As the Generation M report observes, rising media consumption should be understood not so much as an absolute increase in the time spent with a given medium—youngsters were spending about as much time with media five years ago, in 1999—as an increase in the variety and kinds of media, as well as in the movement of media into kids’ bedrooms, where they consume it largely without parental participation or supervision. As Steven Johnson has convincingly argued, media content has also changed, manifesting an increased tempo of visual stimuli and an increased complexity of interwoven plots (61-106). A related point (that Johnson does not mention) is a decrease in the time required for am audience to respond to an image. In the 1960’s it was common wisdom in the movie industry that an audience needed something like 20 seconds to recognize an image; today that figure is more like 2 or 3 seconds. Films such as Memento, Mulholland Drive, Time Code and others suggests that it is not only young people who have an increased appetite for high levels of visual stimulation. Although the tendency has been most thoroughly documented with the “Generation M” age group, the adult population is also affected, if to a lesser degree. Moreover, children younger than the eight years old that was the cut-off for the Generation M study are no doubt influenced even more deeply than their older compatriots.

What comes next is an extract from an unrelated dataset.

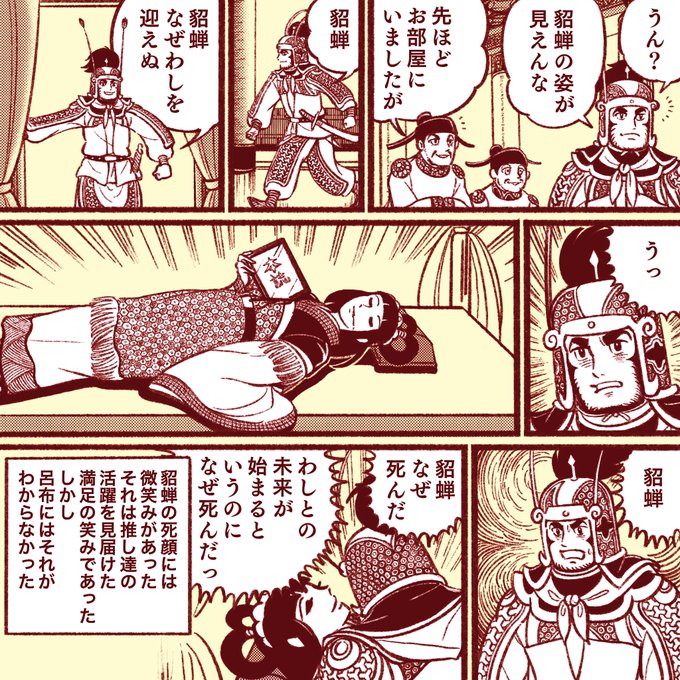 本誌を読んだ方の貂蝉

Not without reason, then, have we been called the AD/HD generation. Rumors abound that college and high school students take Ritalin, Dexedrine, and equivalent drugs to prepare for important examinations such as the SAT and GRE, finding that cortical stimulants help them concentrate. Surveys of medications taken in North Carolina and Virginia public schools by two different research groups find that Ritalin is being prescribed for children who do not fit the criteria for AD/HD, with 5-7% misdiagnosed (Angold, et al.; LeFever et al.); B. Vitiello speculates that the over-use of Ritalin may be because parents press for it, finding that it helps their children do better in school. These results suggest that as the mean moves toward hyper attention rather than deep attention, compensatory tactics are employed to retain the benefits of deep attention through the artificial means of chemical interventions in cortical functioning.

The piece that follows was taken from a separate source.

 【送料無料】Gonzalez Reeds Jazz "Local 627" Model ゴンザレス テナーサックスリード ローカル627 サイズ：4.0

How does media stimulation affect brain functioning? It is well known that the brain’s plasticity is an inherent biological trait; humans are born with their nervous systems ready to be reconfigured in response to their environments. While the number of neurons in the brain remains more or less constant throughout a lifetime, the number of synapses—the connections that neurons form to communicate with other neurons—is greatest at birth. Through a process known as synaptogenesis, a new-born infant undergoes a pruning process whereby the neural connections in the brain that are used strengthen and grow, while those that are not decay and disappear (Bear et al.). The evolutionary advantage of this pruning process is clear, for it bestows remarkable flexibility, giving humans the power to adapt to widely differing environments. Although synaptogenesis is greatest in infancy, plasticity continues throughout childhood and adolescence, with some degree continuing even into adulthood. In contemporary developed societies, this plasticity implies that the brain’s synaptic connections are co-evolving with environments in which media consumption is a dominant factor. Children growing up in media-rich environments literally have brains wired differently than humans who did not come to maturity in such conditions.

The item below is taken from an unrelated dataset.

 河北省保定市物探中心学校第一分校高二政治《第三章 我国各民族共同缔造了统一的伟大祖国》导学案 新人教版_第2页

Evaluating precisely how these changes should affect pedagogy requires careful analysis and attention to the ways in which different disciplines carry out their research John Bruer, president of the James D. McDonnell Foundation that funds cognitive neuroscientific research, has cautioned educators to distinguish between behavioral and cognitive research by psychologists on the one hand, and brain research in neuroscience on the other. While behavioral studies focus on observable actions, neuroscience is concerned with neural structures and processes in the brain. Bruer argued that while it is possible to bridge the gap between neuroscience and cognitive science, and also between cognitive science and education, trying to infer educational strategies from basic brain research is “a bridge too far,” for it would require establishing correlations between, say, microscopic neural patterns and macroscopic behavior such as a student fidgeting in his seat (1997). As Bruer admits in his later writings, however, brain imaging studies are changing that situation because they allow correlations between observable actions—what the subjects are doing at the time the image is taken—and metabolic processes in the brain (1999).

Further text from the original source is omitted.